Fascination by the Universe started millennia ago, and led for instance Pythagoras and others to propose the theory of Musica Universalis, the Harmony of the Spheres. These days, lots of popular music appears, inspired by black holes, cosmology, space travel, the search for extraterrestrial intelligence, etcetera. I will here concentrate on the more classical types of astronomy-inspired music, or astro-music, and - utterly incomplete - will be giving examples from Baroque to modern times. Among these are operas and an operetta, orchestral pieces including complete symphonies, choral works, cantatas, piano compositions, but also music for marching bands. I will conclude by describing two recent projects in which I am involved myself: live and filmed performances of astronomy-inspired piano music by the Estonian composer and amateur astronomer Urmas Sisask, and by the great Russian composer Alexander Scriabin.

About

Following Physics and Astronomy studies in Amsterdam, Peter Barthel (1952) obtained his PhD at the University of Leiden in 1984, on a Thesis "Radio Structure in Quasars". He held postdoctoral fellowships at the Astronomy Department of the California Institute of Technology in Pasadena, USA, during 1984-1988, before starting his employment at the Kapteyn Institute of the University of Groningen.
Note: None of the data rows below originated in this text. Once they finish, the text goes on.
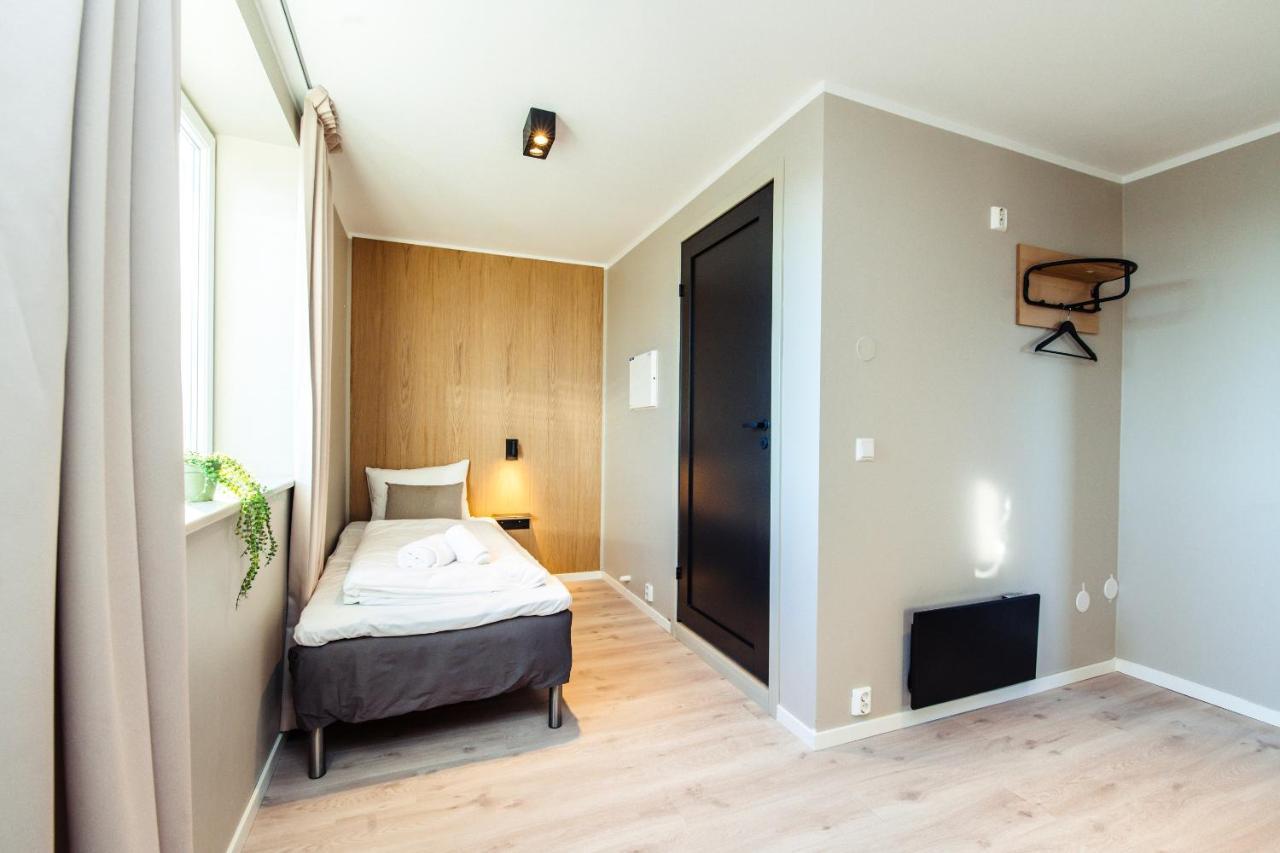 Apartments No Horten Luaran gambar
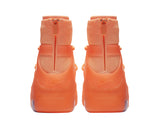 Nike Air Fear Of God 1 Orange Pulse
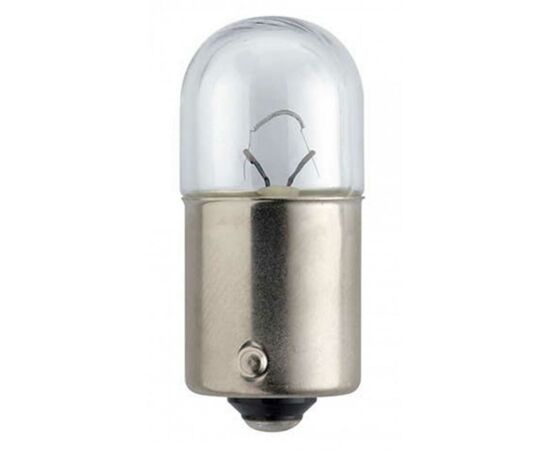 Автолампа AG AUTOPARTS 10W (AG 40029S)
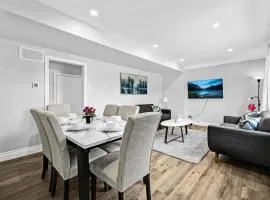 NEW 5 Bedroom House Near The Falls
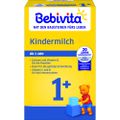 BEBIVITA Kindermilch 1 Pulver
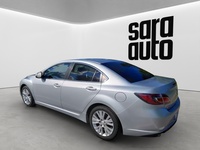 Mazda 6 vaihtoauto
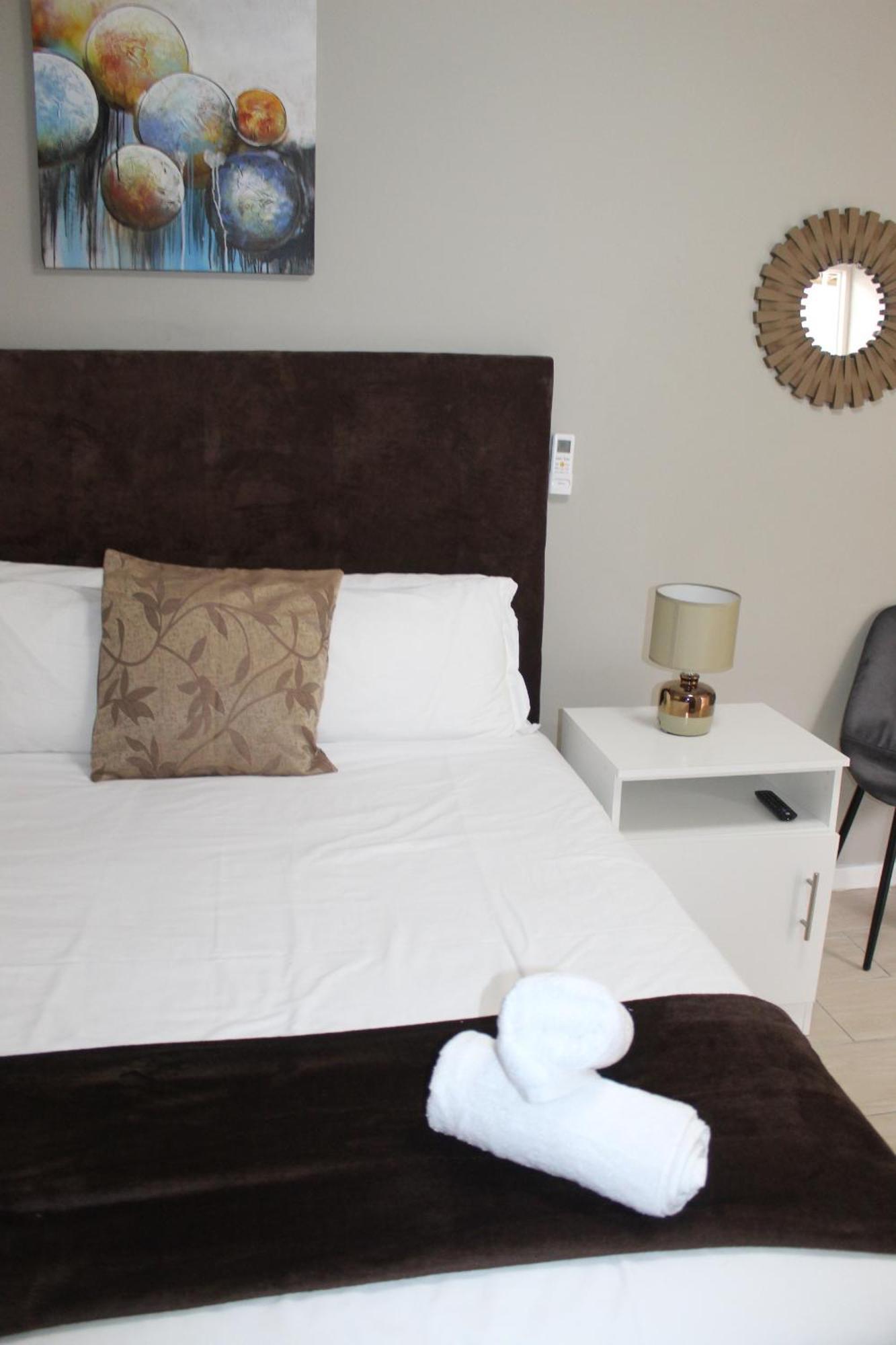 103Onwallace Self Catering Guest House Cape Town Ngoại thất bức ảnh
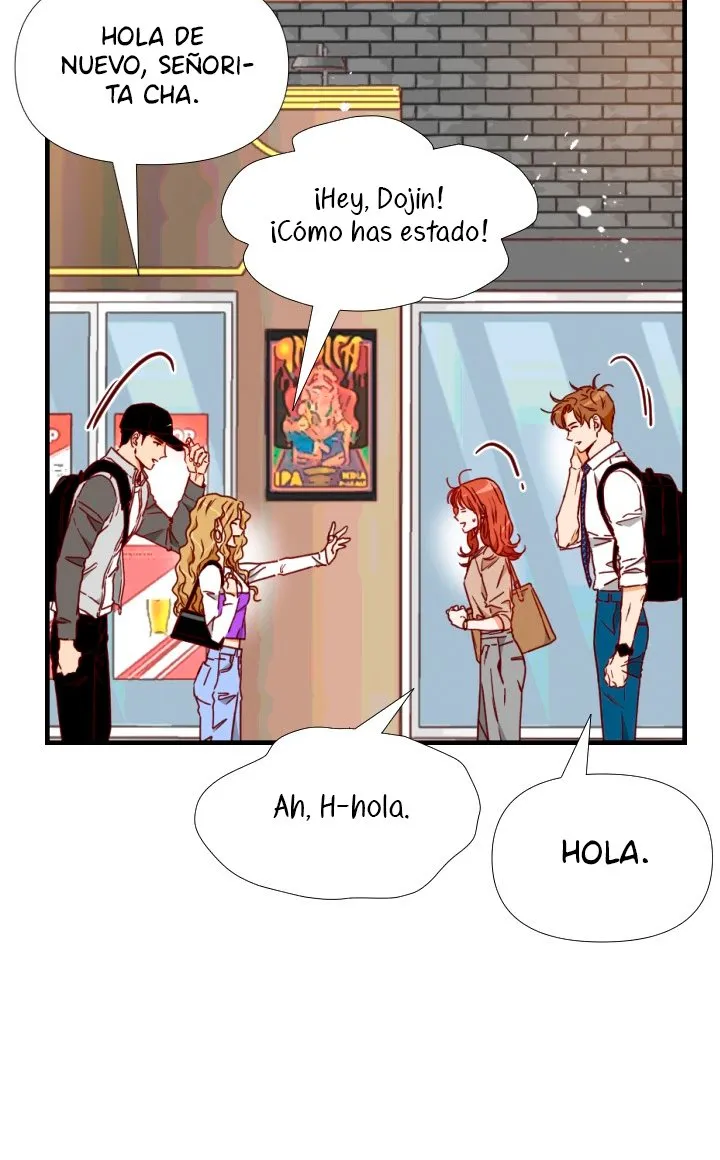 1/24 Romance Capítulo 74 en Línea - página 57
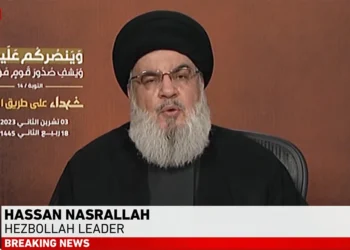 Πόλεμος στο Ισραήλ: Το διάγγελμα του ηγέτη της Χεζμπολάχ – Σπάει τη σιωπή του για τον πόλεμο, δείτε live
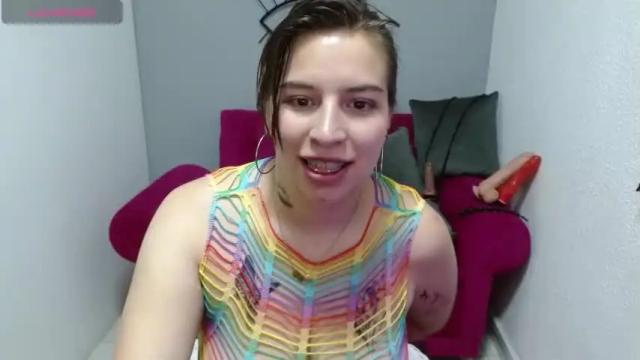 Image 3 of layanafuckbooty Stream on Chaturbate on 18 months ago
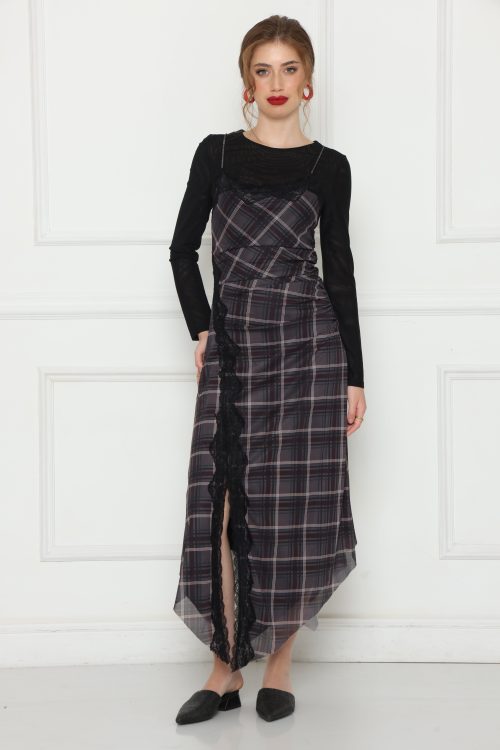 חולצה בסיס רזיל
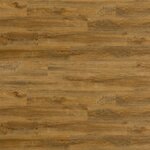 WallArt Planches d'aspect de bois 30 Pièces GL-WA29 Marron rouillé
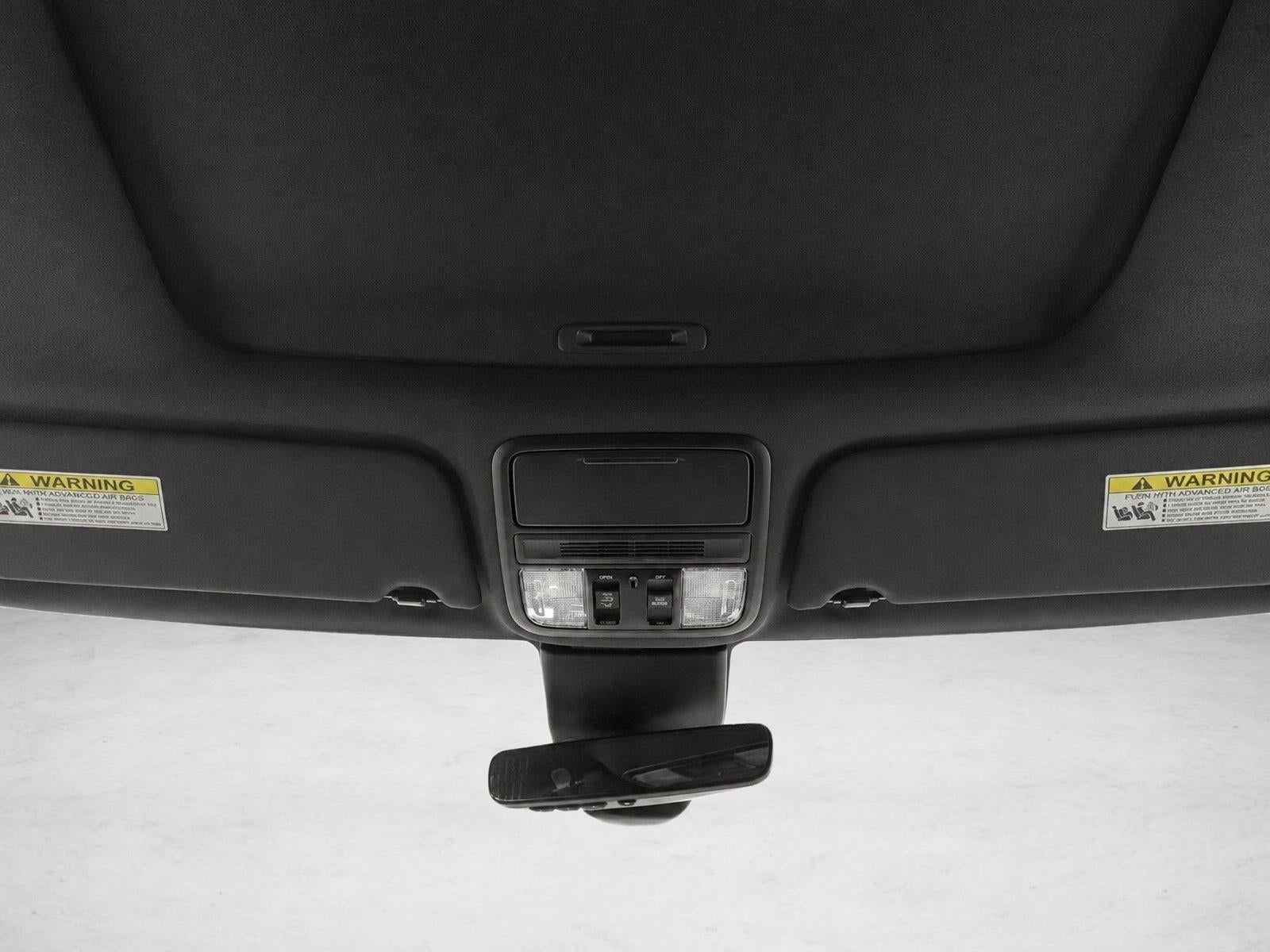 2024 Honda Odyssey Sport Auto
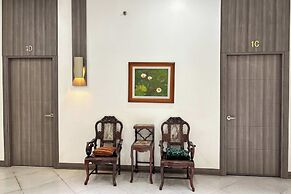 Casa Lily Quezon City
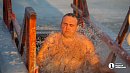 53 купели откроют в Челябинской области к празднику Крещения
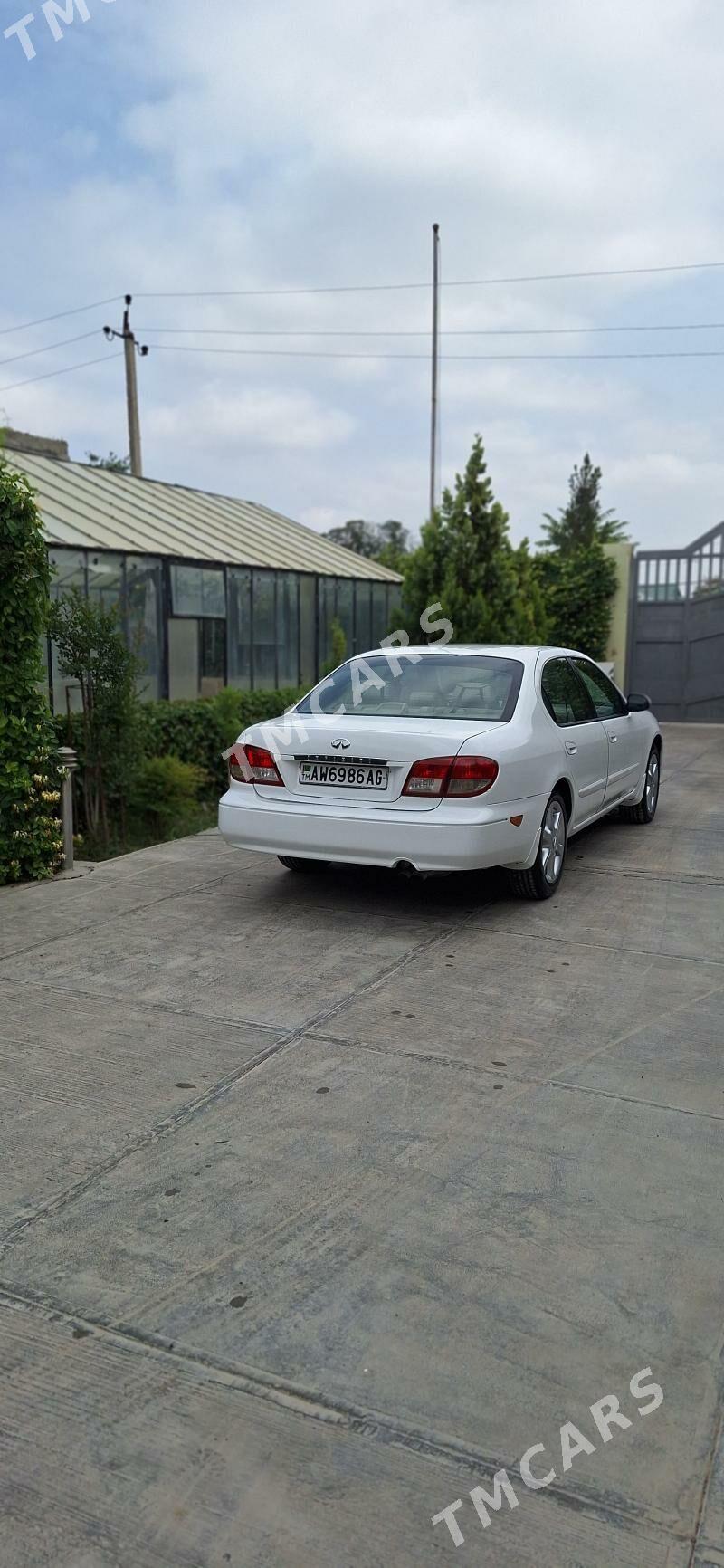 Nissan Maxima 2002 - 90 000 TMT - Gurtly - img 3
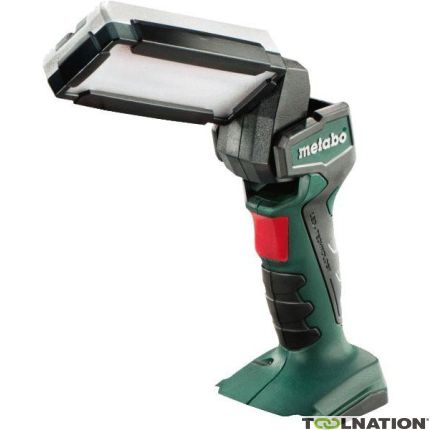 Metabo 600370000 Lampa  SLA 14.4-18 LED - 1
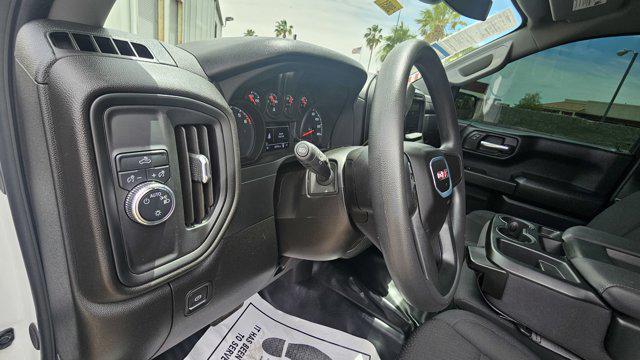 used 2024 GMC Sierra 1500 car, priced at $32,977
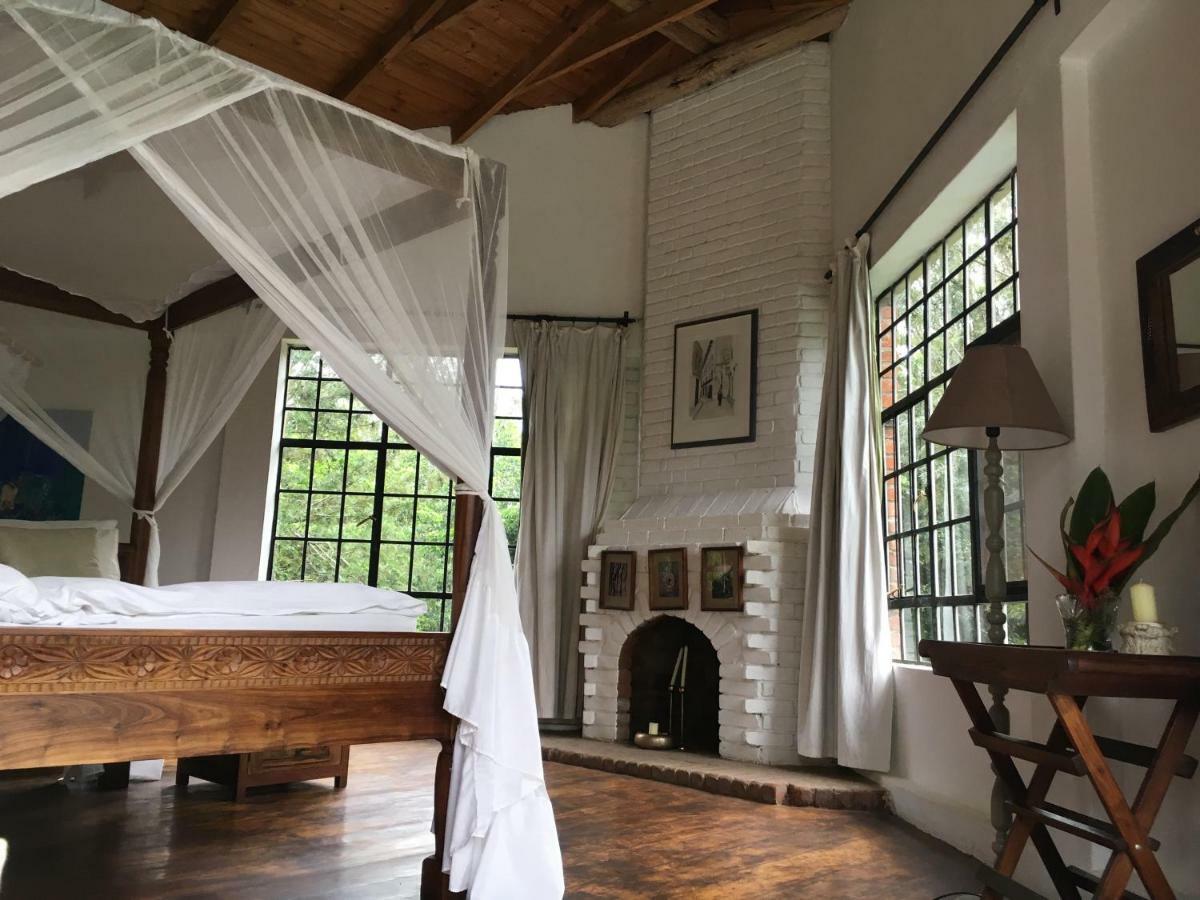 Meru House Lekisilai Arusha Dış mekan fotoğraf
He became Full Professor in March 2004, in the field of Astrophysics of Active Galaxies. While he formally retired at the end of 2018, he is still chairman of the Royal Netherlands Astronomical Society, and continues to work part-time. In his spare time he collaborates with professional musicians in astro-music projects and films, with visual artists creating academic street art, and he thinks and writes about the relation between religion and science.